The early delivery of the 20 megawatt plant, one of the first in the country to be funded by the Australian Renewable Energy Agency, was evidence of the growing speed and proficiency of big solar developers, said Arena’s chief executive, Ivor Frischknecht.
It is to be followed by a dozen new large-scale solar farms to be built across Australia by the end of 2017, which would ramp up national solar capacity to enough power for 150,000 average homes.
Those plants – six in Queensland, five in New South Wales and one in Western Australia – would be the fruits of an Arena funding program expected to “unlock almost $1bn in commercial investment and boost regional economies”, Frischknecht said.
The Barcaldine plant developer, Elecnor – one of a number of Spanish companies invested in Australian solar – is a transnational corporation with interests from gas and rail to aerospace.

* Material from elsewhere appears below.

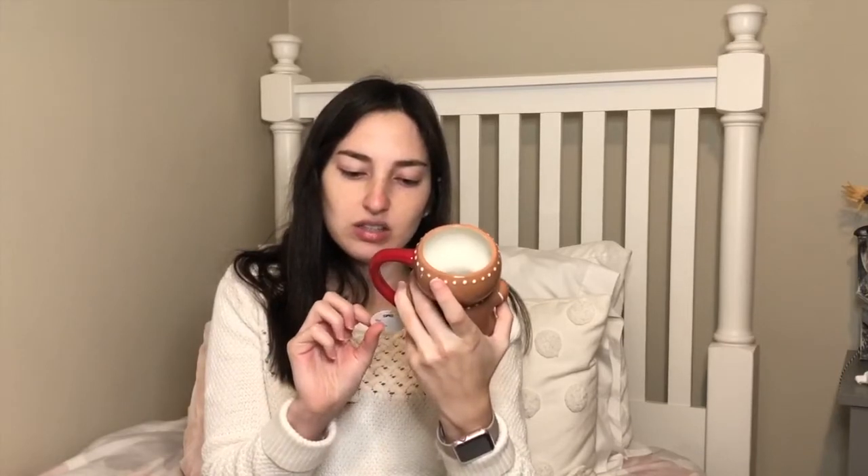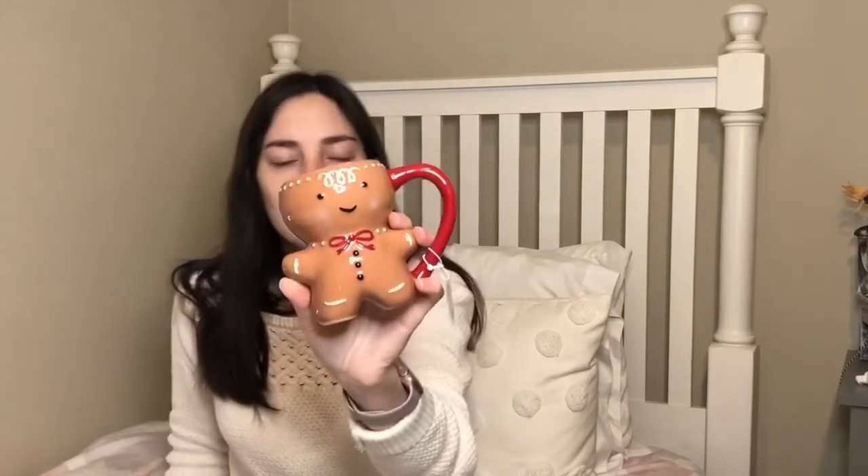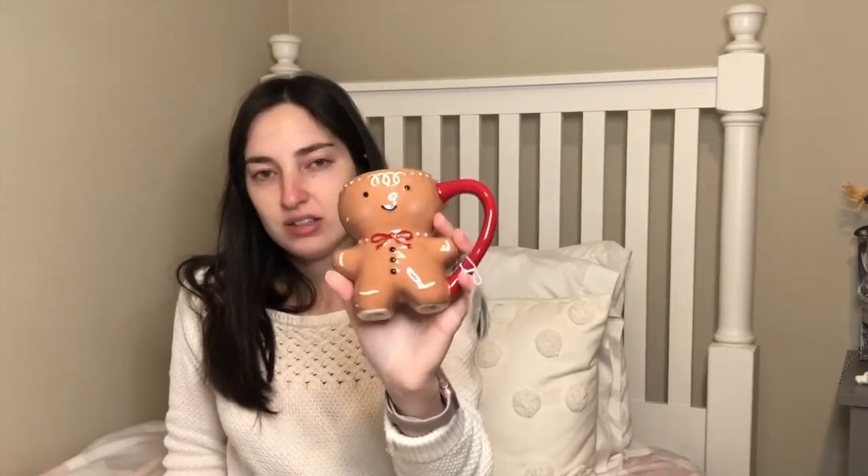These mugs are apparently hard to find — when I first went my store only had one or two left, but when I went back they had restocked a bunch more. Definitely check back at your store if you're looking for these holiday mugs. This is the Threshold Stoneware mug — microwave safe and dishwasher safe — and I'm just so happy about it. I love mugs.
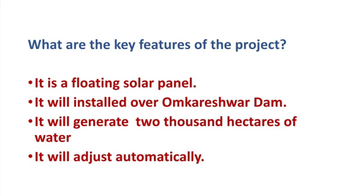The key features of the project: the project is to have floating solar panels of 600 megawatts of power generation capacity. The solar panels are to be installed over the backwaters of the Omkareshwar Dam and the project is to be completed in two years. The electricity is to be generated in about 2000 hectares of water area by installing solar panels in the dam. The solar panels will automatically adjust upward and downward based on the water level of the dam, and floods and strong waves will not have any effect on the solar panels.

Elecnor was backed by $22.8m in funding commitments by Arena and $20m in loans from the federal government’s “green bank”, the Clean Energy Finance Corporation.

Barcaldine’s mayor, Rob Chandler said the project, which features 78,000 solar panels, had “enthusiastic supporters” in a local community that saw “the great benefits it can bring to outback communities like ours”.
“If it’s one thing we have a lot of it’s sun so it’s great to see it being harnessed to power the electricity grid.”
Frischknecht said: “As well as generating clean energy, the project is demonstrating how project developers can monetise network benefits and ultimately how solar farms can improve network efficiency and reliability at the edge of the grid.”
Elecnor’s business developer manager, Manuel Lopez-Velez, said the Barcaldine solar farm would generate about 57,000 megawatt hours a year, “an energy consumption equivalent to approximately 9,800 households”.
Arena has committed $1.1bn in funding to developers of more than 270 renewable energy projects, who are expected to at least match that investment.

This includes $20m to Origin Energy’s 107 megawatt Darling Downs solar farm at Dalby, set to be Australia’s largest operating plant by the end of next year.

Another project, Genex Power’s 50 megawatt Kidson solar farm west of Townsville, will be built on an old goldmine site.
The largely coal-fired national electricity market – which excludes WA and the Northern Territory – has a total generating capacity of 45,000 megawatts, supplying 200m megawatt hours a year to about 9m customers.
The energy sector is Australia’s largest source of carbon pollution, making up 35.4% of total emissions (186m tonnes of CO2) in 2014.